Esa apertura a la comunidad se ve en la película con las reuniones que tienen maestros y padres.
— Pedro me contó una anécdota muy interesante. Cuando él asume, aproximadamente en el año ’86, ve en sus primeros días que la gente no entraba a la escuela. Él los invitaba a pasar pero ellos se negaban. La escuela les había puesto un muro: “eso es la barbarie, eso no entra”. Pedro abre la escuela y la comunidad la va tomando como propia. Y eso estaba buenísimo para contarlo en la película porque, además, ellos tienen un estado asambleario permanente que nada tiene que ver con nuestros tiempos. La reunión de padres duran de cinco a seis horas. Uno con sus cosas porteñas lo hubiera querido resolver todo en cinco minutos pero es genial esa discusión y que se vuelvan sobre los mismos temas en el proceso. Eso también da cuenta de los tiempos de la naturaleza.
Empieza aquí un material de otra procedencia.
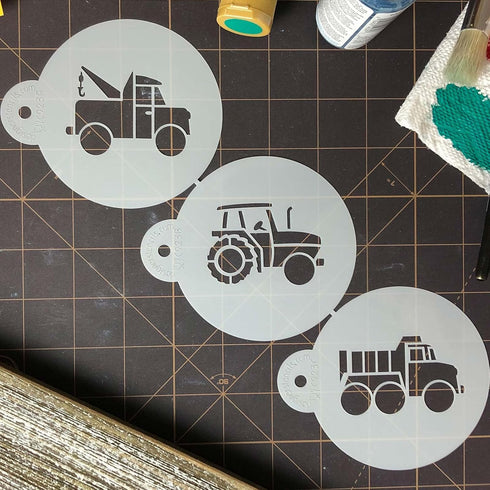 Designer Stencils Trucks Cookie Set - Beige/Semi-Transparent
¿Pensaron trabajar algún personaje y estructurar el relato a partir de él?Escuela trashumante
— Sí, probamos. Igual, la película no tiene un personaje central sino que va cambiando. Encontrar la familia en la que nos centramos fue lo que más tiempo nos llevó. Tenía que ser una familia cuyos hijos e hijas estén en la escuela. Ahí sí estuvimos varios años probando, conversando con diferentes familias. Hasta que recién en el tercer año encontramos a la familia de Cocheca. Y creo que, si bien no es central, es un personaje que estructura toda la película. Además, entendió el lenguaje audiovisual desde el primer instante.

¿En qué sentido?
— Pensemos que es una comunidad sin televisión, no tienen contacto con registros audiovisuales. Y él entendió desde el primer momento todo. Por ejemplo, él nos transformó a nosotros en invisibles antes de que nosotros nos transformemos solos. Siempre les decimos a los que retratamos ‘bueno, nosotros no existimos’ o ‘trate de no mirarnos’. Y él entendió a los diez minutos, siguió haciendo lo que hacía cotidianamente. Tenía una relación súper natural con la naturaleza y nos sirvió de enlace para mostrar eso también. Él trabajaba cotidianamente y nosotros dejábamos de existir. Era perfecto.

Además de la relación con la naturaleza, Cocheca también deja entrever otros conflictos. Pienso en la escena del robo de sus caballos…  

— Esa escena es un gran momento para nosotros porque hay como un choque cultural con Alejandra, la directora en ese momento. Lo de Cocheca era muy simple: le robaron sus caballos, pensó que eran los chilenos y quería pedirle a la gendarmería que vaya a devolvérselos. Y yo le pregunto: “¿Pero Cocheca, por qué piensa que son los chilenos?”. Y me miró como diciendo que es imposible que entre nosotros nos robemos. Hay que pensar también que para la familia de Cocheca es un costo enorme comprar un caballo. Estaba devastado cuando se los robaron. Pero la verdad, lo veo como un héroe, nosotros no existimos al lado de personas como él.